For the love of CIMs (A question about CIMs and gearboxes)

I love the CIM motor. I really do. However, the only thing I don’t like is that you can only use 4 of them. And for the most part, most gearboxes only allow 2 inputs, still capping you out at 4 per robot.

So my questions are:

  1. Have you ever been able to use more than 4 CIMs on a robot?
  2. What are your thoughts on a custom gearbox with 3 CIM inputs, and one output?

The CIMs would be in a triangle formation around a central drive gear. This could allow for a smaller gear reduction, or a robot that is both faster, and more powerful in one.

And just for the fun of it:
3) What would a 4 CIM gearbox be like? What would the advantages be?

  1. YES. 2010 allowed 5 CIMs. Also, 2006 (and 2007?) had a motor type known as the Big CIM (bigger motor, but for the size not quite as much oomph as you might expect), of which type I remember 2 being allowed. (330 only used one big CIM–it powered our 2006 shooter wheel.)

  2. Eh. More isn’t always better. OTOH…

118’s V6 drivetrain. Now THAT was a DRIVETRAIN! 4 CIMs + 2 FPs. One gearbox. Power to all 4 wheels, which were in a coaxial swerve configuration. Not sure what year… I want to say 2007. Not sure how they powered their turreting arm… But it was quite a feat of engineering.

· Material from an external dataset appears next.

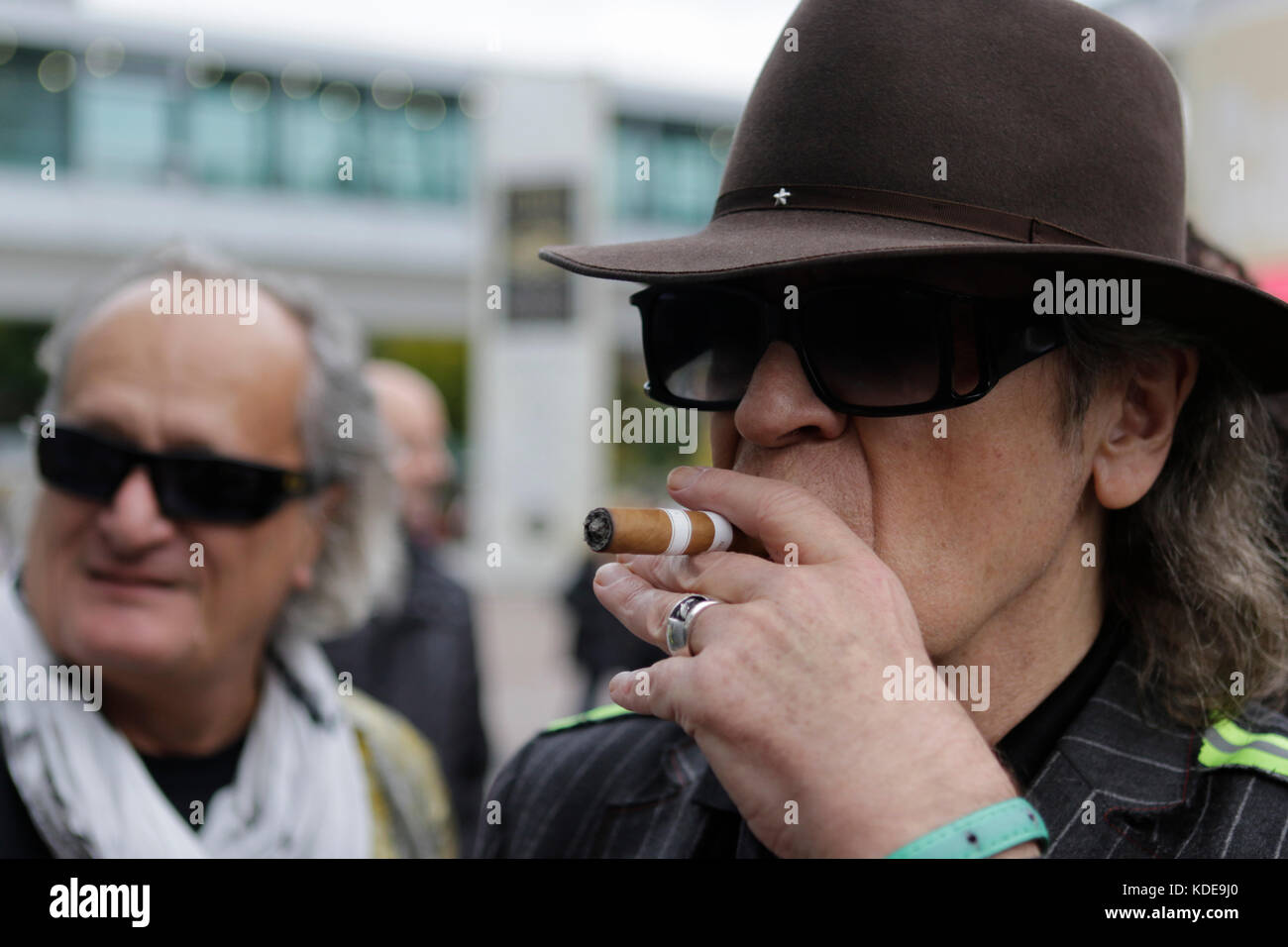 Frankfurt am Main, Deutschland. 13. Oktober 2017. Udo Lindenberg geht auf die Bühne für seine Leistung. deutsche Veteran Rock Musiker Udo Lindenberg Leben auf der Frankfurter Buchmesse durchgeführt. Die Performance war Teil der Präsentation der neuen Foto Buch von deutschen Fotografin tine acke tärker als Zeit-sterben stadiontour" sterben (stärker als die Zeit - die Stadion Tour) über Udo Lindenberg neueste Tour. Unterstützt wurde er auf der Bühne von Mitgliedern seiner panikorchester. Stockfoto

While it unlikely that we will be able to use 6 cims next year consider this, a 6 motor drive train with 4 cims and 2 banebots(775’s or 550’s). 973 used them(3 in each gearbox) until the 775’s started shorting out. There are quite a few teams that have used 6 motors in drive. 8 motor might require another stage of gearing.

148 has done this(6 motors in 1 gearbox).

They were legal in 2007–1618 used them in their drivetrain to free up a small CIM for the (horribly-overpowered-like-some-yutz-in-the-marketing-program-specced-it) arm. They were powerful and torquier than the small CIMs, but still had less available power. That was your six-CIM year (technically, anyway).

Six-motor drive seems to be most popular when one of the smaller kit motors is made to act like a CIM. The overwhelming majority of teams that go this route seem to use the AndyMark AM Planetary, which takes a high-RPM motor like the Fisher-Price motor (originally) and gives you a speed and mounting interface that’s close enough to the CIM that it’ll work for our purposes. (Each motor has its spot on the curve where it’s most beneficial, but all the motors will contribute one way or the other.) Indeed, that’s what 148 did in 2008 to put the Fisher-Price motors in with their CIMS.

I don’t have a picture, but what 2815 and 1398 did in 2010 with their six-motor drive (two CIMs and a planetaried F-P per side, shifted) was add another idler gear in between one of the CIMs and the F-P. You could plausibly squeeze all three together with a large enough input gear (and planning the rest of your drive system accordingly), but we went this route to make room for the shifter hardware. Even single-speed, I think we would’ve gone this route for packaging reasons–our robot that year was designed to go through tunnels on the field.

  1. In 2010 we were allowed to use a 5th CIM motor. This was because of some other motor changes that year. Many teams used the 5th CIM for a hanging mechanism or kicking mechanism. Otherwise, 4 CIM motors have been a staple of the KOP since 2005. (Excluding the ‘big’ CIMs of 2005-2007)

  2. A gearbox that accepts three CIM motors as inputs isn’t all that uncommon. Many teams will design a gearbox to accept 3 CIM motors then run an FP, 550 or 775 through an AM planetary, Cimulator or CIMsim transmission to make it’s output interface like a CIM motor.

From what I’ve seen, adding a 5th and 6th motor to the drive will help with acceleration and allow you to gear for a higher top speed with a single speed drive train. You’re pushing power will still be limited by the CoF of your Drive train, but it’s ability to accelerate more quickly and sustain a higher top speed may be advantageous in some games.

  1. I believe others before me have posted some of the coaxial swerve boxes that used 4 CIM’s in a single box. There are a few advantages to this, but many of them have to do with the packaging of a coaxial swerve or similar Drive train.

Gearboxes with 4 to 6 motors really only seem useful for swerve drives, or at least that’s what it sounds like to me. I was wondering though, has anyone in FIRST ever built an adder-subtractor drive like tanks use? This would also have the potential to use many otors in one gearbox. I’m honestly not sure if it would have many benefits, but it would be a cool challenge.

Eventually having so many motors in the Gearboxes will cause a high enough voltage drop on the battery that performance will suffer. Unless your manipulator is Intermittently operating or doesn’t use much current adding more motors to the drive-train may hurt performance, especially if you get to the point where the 120 Amp breaker is in danger.